Den nächsten Besserungsversuch startet Cya in unserer nahen Zukunft in Bombay, um einen gewaltsamen Konflikt zu verhindern. Wieder begleitet sie GOG, eine künstlichen Intelligenz, die für sie übersetzt, dabei ein gewisses Eigenleben entwickelt und ihr manchmal die Erzählperspektive entreißt. In der Stadt, in der der Autor für längere Zeit gelebt hat, steht sie Senior Inspector da Costa bei, um einen Mord aufzuklären. Das gibt sie zumindest vordergründig an. In Wahrheit geht es um die Verhinderung eines religiösen Konflikts zwischen und unter den verschiedenen hinduistischen und muslimischen Gruppen, der sich um ein ominöses Idol entzündet. In dieser Erzählung im „Damalsdort“ bringt Ilija Trojanow die zusätzliche Perspektive des Kommissars ein. Da Costa ist einer dieser Menschen, der sich ehrlich um Anstand bemüht, aber sich aus Liebe den herrschenden Bedingungen beugt. An ihm wie an den anderen Figuren erleben wir, wie das gesellschaftliche Sein das Bewusstsein und Leben bestimmt. Aber es könnte alles ganz anders sein. Immer wieder erfahren wir im Laufe der utopischen Erzählung, wie die Gesellschaft der Zukunft sich organisiert. Der Kontrast schockiert die Chronautin ein ums andere Mal. Zu unverständlich sind „unsere“ gewalttätigen Umgangsweisen und Organisationsformen.

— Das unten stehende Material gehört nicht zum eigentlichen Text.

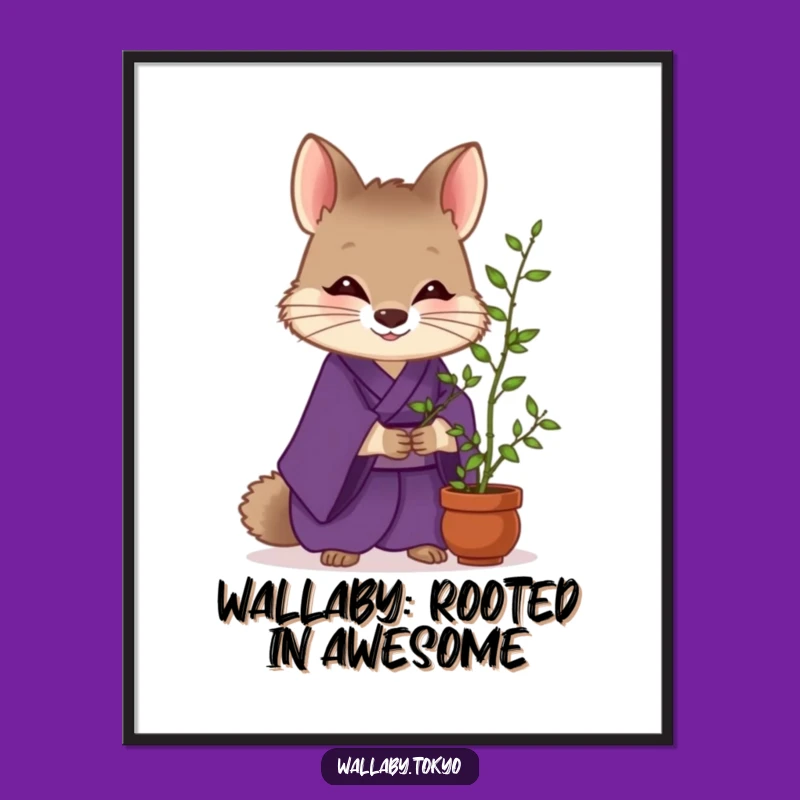 Free Printable Wall Art: Funny Zen Wallaby Kimono Bamboo, Downloadable Art Gift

Nicht freiwillig landet Cya auf dem Rückweg ihrer Raumzeitreise im Sarajewo von 1984. Die von Spionageaktivitäten durchtränkten olympischen Spiele zeigen eine Welt, in der selbst der vermeintlich friedliche Sport von Herrschafts- und Überlegenheitsphantasien dominiert wird. Wohin eine solche Durchherrschung führen kann, sehen die beiden Raumzeitreisenden auf ihrem Rückweg in ihre Zeit auf einem verunglückten Zwischenstopp zehn Jahre nach den Spielen. Wenn nur einer von tausend zu einem ehrlichen, anständigen Wesen werden kann, muss es diese Folgen zeitigen.

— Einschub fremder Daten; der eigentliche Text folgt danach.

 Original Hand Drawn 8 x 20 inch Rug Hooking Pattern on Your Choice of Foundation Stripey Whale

Als letzten Kipppunkt suchen Cya und Samsil die russische Oktoberrevolution 1917 auf, um das Damalsdort in eine befreite Gesellschaft zu leiten. Wie in allen Erzählungen Trojanows spielt auch hier eine Liebesgeschichte eine zentrale Rolle, hier zwischen Wolodja und Cya. „Wolodja ist ein Pfeil der neuen Zeit, der sich selbst verschießt.“ (S. 490). Er will die Kunst zu allen Menschen bringen, in die Fabrik, an die Fassade, auf die Straße (3). Ob Ilija Trojanow das mit dem bürgerlichen Mittel des Romans erreicht, liegt nicht zuletzt an uns, aber wenn es dadurch gelingt, zwei von tausend zu erreichen, kommen wir der Utopie einer herrschaftsfreien Gesellschaft näher als es Wolodja für seine Welt vermutet hat.

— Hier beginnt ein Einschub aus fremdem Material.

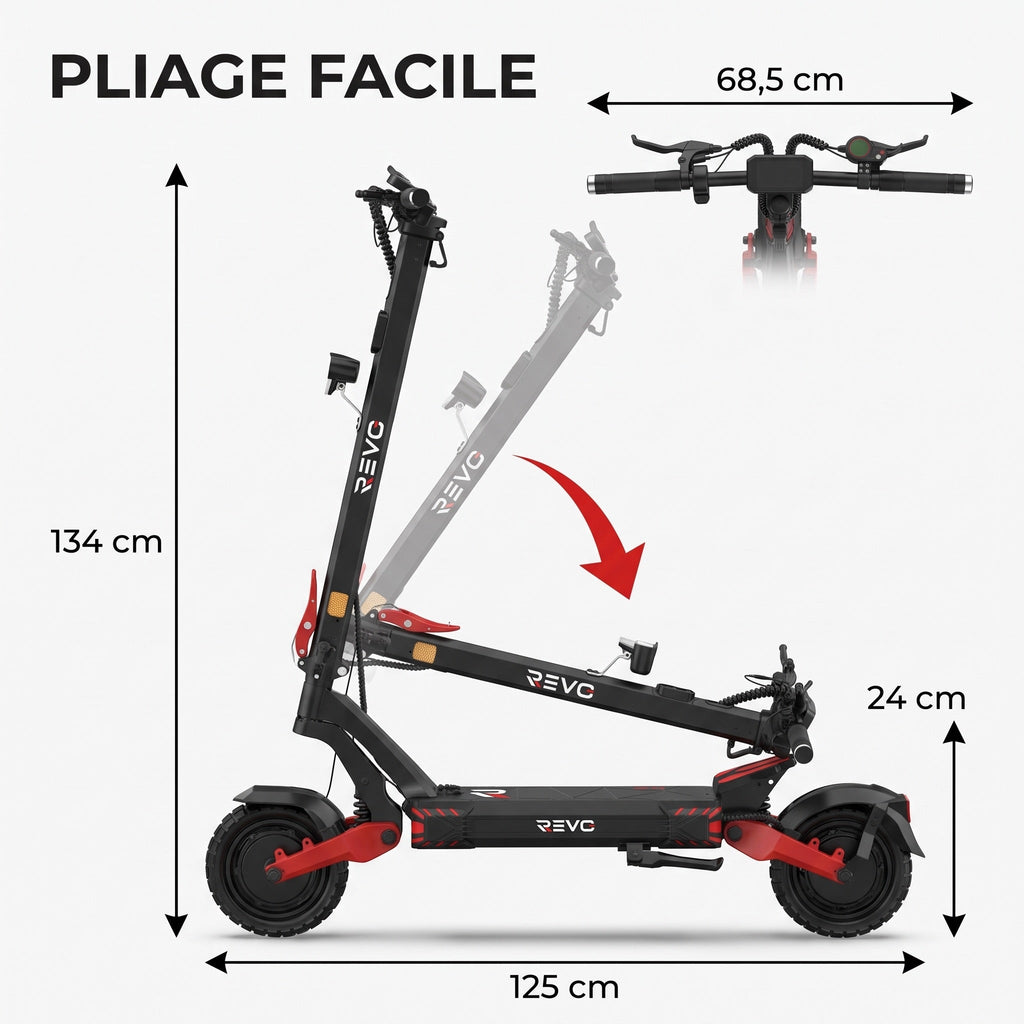 Trottinette électrique REVO Apex X2 – 2 × 1800 W – Batterie 52 V 23,4 Ah – Pneus 10″ tubeless – Double suspension – App & NFC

Wie zuvor auch schon die Bestsellerautorin und gewaltfreie Anarchistin Ursula K. Le Guin (1929–2018), zeigt der bekennende Utopist und Anarchist Trojanow auch die Widersprüche einer befreiten Gesellschaft (4), aber seine Erzählung in den Nochnichtort der Anarchie ermutigt und beflügelt, es mit der Realität aufzunehmen.

(1) In Wirklichkeit hieß er Wladimir 
Wladimirowitsch Majakowski und war ein Dichter und führender Vertreter des russischen Zweigs des Futurismus.
(2) Das waren entlaufene Sklaven, die sich der Sklaverei durch Flucht oder aktiven Widerstand entzogen. Es gab vereinzelte Gruppen von Afrika über die Karibik bis in die Vereinigten Staaten von Amerika.
(3) Wen die Frage interessiert, welchen Stellenwert die Kunst in linker Theorie einnimmt und was sie vermag, greife zu Jens Kastner: Die Linke und die Kunst, Ein Überblick, 1. Edition, Münster 2019.
(4) Wie polykephale Gesellschaften mit Verbrecher:innen umgehen, kann man mit viel Gewinn nachlesen bei Hermann Amborn, Recht als Hort der Anarchie, 1. Auflage, Berlin 2016 (Fröhliche Wissenschaft).